Mais recentemente, contudo, tem-se entendido que um dos maiores entraves à

efetividade da jurisdição é justamente a morosidade do Poder Judiciário na prestação da

tutela jurisdicional. Afinal de contas, a efetividade da tutela jurisdicional está

intimamente ligada à sua agilidade, e, por essa razão, essa deve ser priorizada. Uma das

causas da referida morosidade reside justamente na sobrecarga de processos que são

levados à análise dos Tribunais Superiores todos os dias em grau recursal, gerando esta

conhecida “crise do Judiciário brasileiro”.

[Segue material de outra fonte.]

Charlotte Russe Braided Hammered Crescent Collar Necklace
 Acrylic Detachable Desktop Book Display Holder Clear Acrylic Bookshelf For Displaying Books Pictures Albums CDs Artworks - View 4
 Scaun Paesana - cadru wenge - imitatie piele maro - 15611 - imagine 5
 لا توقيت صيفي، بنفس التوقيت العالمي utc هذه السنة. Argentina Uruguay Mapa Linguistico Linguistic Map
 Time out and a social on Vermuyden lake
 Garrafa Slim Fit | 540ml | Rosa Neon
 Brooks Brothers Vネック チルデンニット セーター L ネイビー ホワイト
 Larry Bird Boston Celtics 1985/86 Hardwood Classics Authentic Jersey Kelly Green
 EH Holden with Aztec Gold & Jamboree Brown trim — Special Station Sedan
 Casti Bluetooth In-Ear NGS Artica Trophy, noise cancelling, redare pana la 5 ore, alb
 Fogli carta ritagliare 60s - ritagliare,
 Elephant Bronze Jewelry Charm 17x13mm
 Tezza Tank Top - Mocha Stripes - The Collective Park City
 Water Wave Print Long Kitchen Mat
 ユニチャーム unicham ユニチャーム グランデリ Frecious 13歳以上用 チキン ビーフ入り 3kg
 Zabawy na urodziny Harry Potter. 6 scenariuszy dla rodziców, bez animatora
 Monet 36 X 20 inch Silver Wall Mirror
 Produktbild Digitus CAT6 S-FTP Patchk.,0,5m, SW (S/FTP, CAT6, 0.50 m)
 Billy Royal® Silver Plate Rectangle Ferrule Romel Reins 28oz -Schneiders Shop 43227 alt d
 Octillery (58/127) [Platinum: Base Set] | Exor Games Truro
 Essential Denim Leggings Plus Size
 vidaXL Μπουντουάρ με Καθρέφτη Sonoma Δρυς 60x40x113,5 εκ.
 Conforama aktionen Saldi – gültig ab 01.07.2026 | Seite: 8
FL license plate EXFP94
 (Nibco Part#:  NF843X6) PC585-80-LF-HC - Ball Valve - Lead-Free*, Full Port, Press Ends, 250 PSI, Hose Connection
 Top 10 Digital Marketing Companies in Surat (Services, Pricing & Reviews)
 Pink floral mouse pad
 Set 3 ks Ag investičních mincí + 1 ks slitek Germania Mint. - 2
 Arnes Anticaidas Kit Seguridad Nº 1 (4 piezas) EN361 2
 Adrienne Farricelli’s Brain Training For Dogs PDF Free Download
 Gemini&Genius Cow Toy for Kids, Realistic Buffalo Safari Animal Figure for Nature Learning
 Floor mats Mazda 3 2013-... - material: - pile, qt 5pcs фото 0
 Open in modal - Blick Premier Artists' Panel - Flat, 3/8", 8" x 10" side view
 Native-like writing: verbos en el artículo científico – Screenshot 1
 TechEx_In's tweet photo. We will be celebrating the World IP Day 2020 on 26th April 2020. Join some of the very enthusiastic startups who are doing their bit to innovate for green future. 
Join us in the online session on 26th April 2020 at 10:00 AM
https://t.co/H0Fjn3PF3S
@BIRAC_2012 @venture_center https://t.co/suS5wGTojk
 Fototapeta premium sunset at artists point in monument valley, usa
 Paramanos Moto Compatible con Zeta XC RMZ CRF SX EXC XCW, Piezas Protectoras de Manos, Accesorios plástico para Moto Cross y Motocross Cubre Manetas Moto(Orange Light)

Neste sentido, uma solução que vem sendo aventada para solucionar a crise de

tempestividade da tutela jurisdicional é a de reavaliar o papel da jurisprudência e, em

especial, dos precedentes dos Tribunais Superiores. Essa tendência pode ser percebida

tanto através de alterações legislativas (súmula vinculante, julgamento super-antecipado

da lide, repercussão geral, etc.), quanto por meio de mutações constitucionais

(objetivação dos recursos extraordinários, por exemplo).

Assim, as recentes reformas ocorridas na constituição e na legislação

infraconstitucional denotam uma tendência de valorização dos precedentes

jurisdicionais oriundos do Supremo Tribunal Federal e do Superior Tribunal de Justiça.

Súmulas vinculantes, súmulas impeditivas de recurso e de reexame necessário,

repercussão geral, julgamento de recursos por amostragem e objetivação do recurso

extraordinário, por exemplo, são institutos de pregam a manutenção dos precedentes

para as causas repetidas, possibilitando um desafogamento dos Tribunais Superiores e

facilitando uma maior celeridade na prestação da tutela jurisdicional.

Esse sistema de manutenção dos precedentes está sendo ampliado também com

o objetivo reduzir eventuais divergências da jurisprudência constitucional, assegurando-

se, com isso, a isonomia na prestação da atividade jurisdicional. Afinal, evitar

divergências de posicionamento pelos diversos tribunais nacionais contribui para a

reafirmação da crença em uma Justiça uma e isonômica, corolário de um Estado

Democrático de Direito.

O que se quer ter em mente é que todas as recentes transformações ocorridas no

processo civil brasileiro devem ser entendidas e aplaudidas como integrantes de um

movimento reformador maior, que visa atribuir celeridade e efetividade à prestação

jurisdicional, para em última análise concretizar as diretrizes constitucionais e atingir o

objetivo máximo de nossa Carta Magna, qual seja, assegurar a dignidade da pessoa

humana, através da atuação de um Estado Democrático de Direito.

27

E é exatamente a finalidade de tais alterações que deve nortear o aplicador do

direito ao interpretar e compreender seu alcance e dimensão. Ou seja, tais alterações

devem ser compreendidas dentro de um contexto de busca por uma maior celeridade

processual, para, em última análise, garantir a efetividade do processo como

instrumento de realização dos direitos fundamentais. A efetividade do processo é o

objetivo máxime, e, nesse sentido, a celeridade deve ser sempre ponderada com outros

valores constitucionais igualmente em jogo na busca por um processo justo, tais como a

segurança jurídica e o direito à ampla defesa e ao contraditório. Esse é, portanto, o

balizamento que se deve ter em vista no emprego dos novos institutos: só se legitimam

na exata medida em que sejam capazes de concretizar os escopos do processo civil

constitucional. Caso contrário, corre-se o risco de se obter uma justiça célere, mas não

efetiva, o que por certo não era o objetivo do legislador reformador.